Me interrumpo, no queriendo concederle más espacio a ese pensamiento.
—¿Estás celosa?
Me mira atónito, y sus ojos se ablandan un poco, se enternecen.
—Sí, y furiosa por lo que te hizo.
—Anastasia, ella me ayudó. Y eso es todo lo que voy a decir al respecto. En
cuanto a tus celos, ponte en mi lugar. No he tenido que justificar mis actos delante
de nadie en los últimos siete años. De nadie en absoluto. Hago lo que me place,
Anastasia. Me gusta mi independencia. No he ido a ver a la señora Robinson para
fastidiarte. He ido porque, de vez en cuando, salimos a cenar. Es amiga y socia.
¿Socia? Dios mío. Esto es nuevo.
Me mira y analiza mi expresión.
—Sí, somos socios. Ya no hay sexo entre nosotros. Desde hace años.
—¿Por qué terminó vuestra relación?Frunce la boca y le brillan los ojos.
—Su marido se enteró.
¡Madre mía!
—¿Te importa que hablemos de esto en otro momento, en un sitio más discreto?
—gruñe.
—Dudo que consigas convencerme de que no es una especie de pedófila.
—Yo no la veo así. Nunca lo he hecho. ¡Y basta ya! —espeta.
—¿La querías?
—¿Cómo vais?
Mi madre reaparece sin que ninguno de los dos nos hayamos percatado.
Me planto una falsa sonrisa en los labios mientras Christian y yo nos
enderezamos precipitadamente en el asiento, como si estuviéramos haciendo algo
malo. Mi madre me mira.
—Bien, mamá.
Christian sorbe su copa, observándome detenidamente con expresión cautelosa.
¿Qué estará pensando? ¿La quiso? Me parece que, como diga que sí, me voy a
enfadar, y mucho.
—Bueno, señoras, os dejo disfrutar de vuestra velada.
No, no, no me puede dejar así, con la duda.
—Por favor, que carguen estas copas en mi cuenta, habitación 612. Te llamo por
la mañana, Anastasia. Hasta mañana, Carla.
—Oh, me encanta que alguien te llame por tu nombre completo, hija.
—Un nombre precioso para una chica preciosa —murmura Christian,
estrechando la mano que mi madre le tiende, y ella sonríe con afectación.
Ay, mamá… ¿tú también, traidora? Me levanto y lo miro, implorándole que
responda a mi pregunta, y él me da un casto beso en la mejilla.
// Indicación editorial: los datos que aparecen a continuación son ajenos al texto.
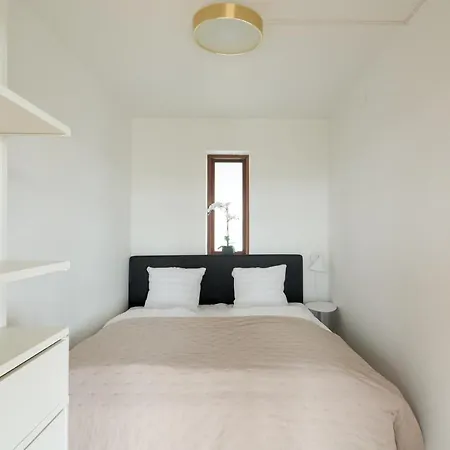 Apartment Beautiful Apt Near The Harbour Copenhagen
—Hasta luego, nena —me susurra al oído.
Y se va.
Maldito capullo controlador. La rabia retorna con plena fuerza. Me dejo caer en
la silla y me vuelvo hacia mi madre.
—Vaya, me has dejado anonadada, Ana. Menudo partidazo. Eso sí, no sé qué os
traéis entre manos. Me parece que tenéis que hablar. Uf, la tensión subyacente… es insoportable.
Se abanica exageradamente.
—¡MAMÁ!
—Ve a hablar con él.
—No puedo. He venido aquí a verte a ti.
—Ana, has venido aquí porque estás hecha un lío con ese chico. Es evidente que
estáis locos el uno por el otro. Tienes que hablar con él. Ha volado cinco mil
kilómetros para verte, por el amor de Dios. Y ya sabes lo horroroso que es volar.
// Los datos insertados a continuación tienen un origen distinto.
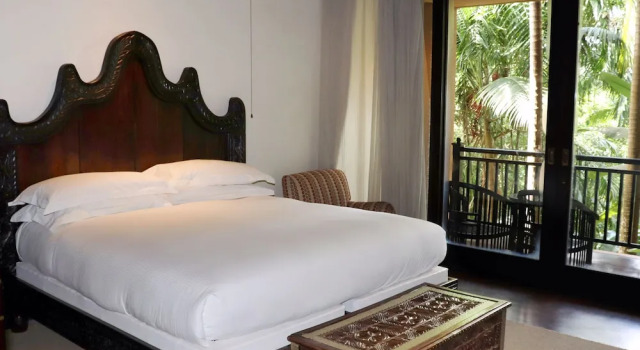 Номер Superior Zimbali Lodge by Dream Resorts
Me ruborizo. No le he dicho que tiene un avión privado.
—¿Qué? —me suelta.
—Tiene su propio avión —mascullo, avergonzada—, y son menos de cinco mil
kilómetros, mamá.
¿Por qué me avergüenzo? Mi madre arquea ambas cejas.
—Uau —exclama—. Ana, os pasa algo. Llevo intentando averiguar lo que es
desde que llegaste. Pero el único modo de solucionar el problema, sea cual sea, es
hablarlo con él. Piensa todo lo que quieras, pero hasta que no hables con él no vas a
conseguir nada.
La miro ceñuda.
—Ana, cielo, siempre le has dado muchas vueltas a todo. Fíate de tu instinto.
¿Qué te dice, cariño?
Me miro los dedos.
—Creo que estoy enamorada de él —murmuro.
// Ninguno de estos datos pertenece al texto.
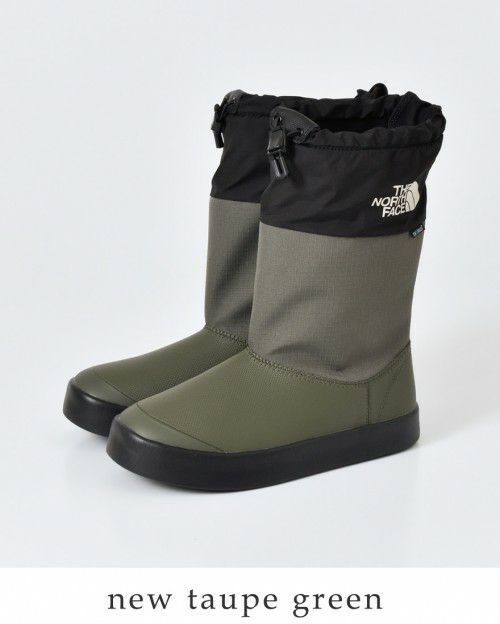 THE NORTH FACE(ノースフェイス)ベースキャンプブーティライト2
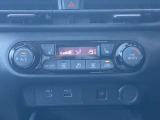 ◆エアコン◆温度の設定をしてAUTOボタンを押すだけ簡単。運転席助手席にはシートヒーターがついております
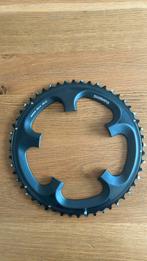 Shimano Ultegra FC-6570 52/39 voorbladen, Fietsen en Brommers, Ophalen of Verzenden, Gebruikt, Racefiets, Crankstel of Pedalen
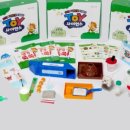 재미있는 STEAM 실험 과학 이미지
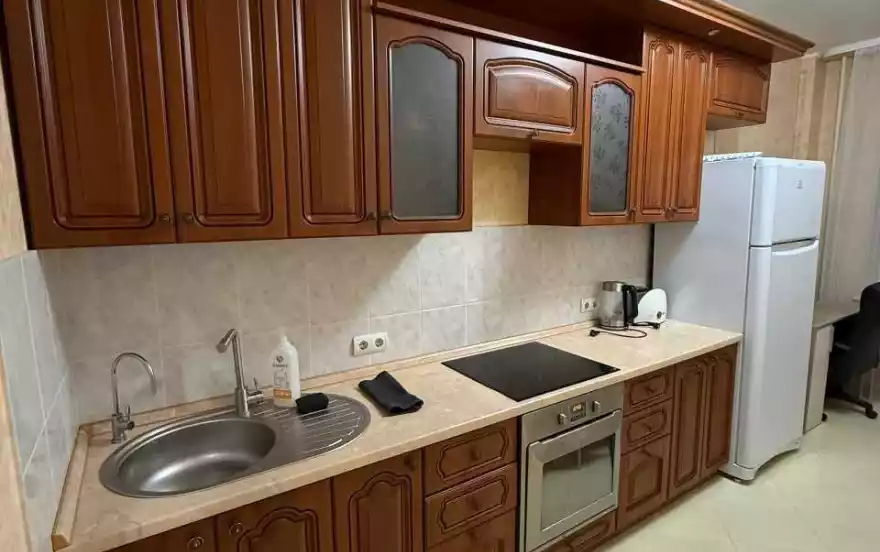 улица Заворуева 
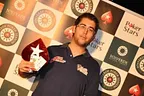 Portugal Poker Series 2011 - João Pi Correia é o campeão em Espinho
—Lo sé, cariño. Y él de ti.
—¡No!
—Sí, Ana. Dios… ¿qué más necesitas? ¿Un rótulo luminoso en su frente?
La miro aturdida y se me llenan los ojos de lágrimas.
—No llores, cielo.
—Yo no creo que me quiera.
—Independientemente de lo rico que sea, uno no lo deja todo, se sube en su
avión privado y cruza el país para tomar el té de la tarde. ¡Ve con él! Este sitio es
muy bonito, muy romántico. Además, es territorio neutral.
Me revuelvo incómoda bajo su mirada. Quiero y no quiero ir.—Cariño, no te preocupes por tener que volver conmigo. Quiero que seas feliz,
y ahora mismo creo que la clave de tu felicidad está arriba, en la habitación 612. Si
quieres venir a casa luego, la llave está debajo de la yuca del porche principal. Si te
quedas… bueno, ya eres mayorcita. Pero toma precauciones.
Me pongo roja como un tomate. Por Dios, mamá.
—Vamos a terminarnos los Cosmos primero.
—Esa es mi chica.
Y sonríe.
Llamo tímidamente a la puerta de la habitación 612 y espero. Christian abre la
puerta. Está hablando por el móvil. Me mira extrañado, completamente
sorprendido, sostiene la puerta abierta y me invita a entrar en su habitación.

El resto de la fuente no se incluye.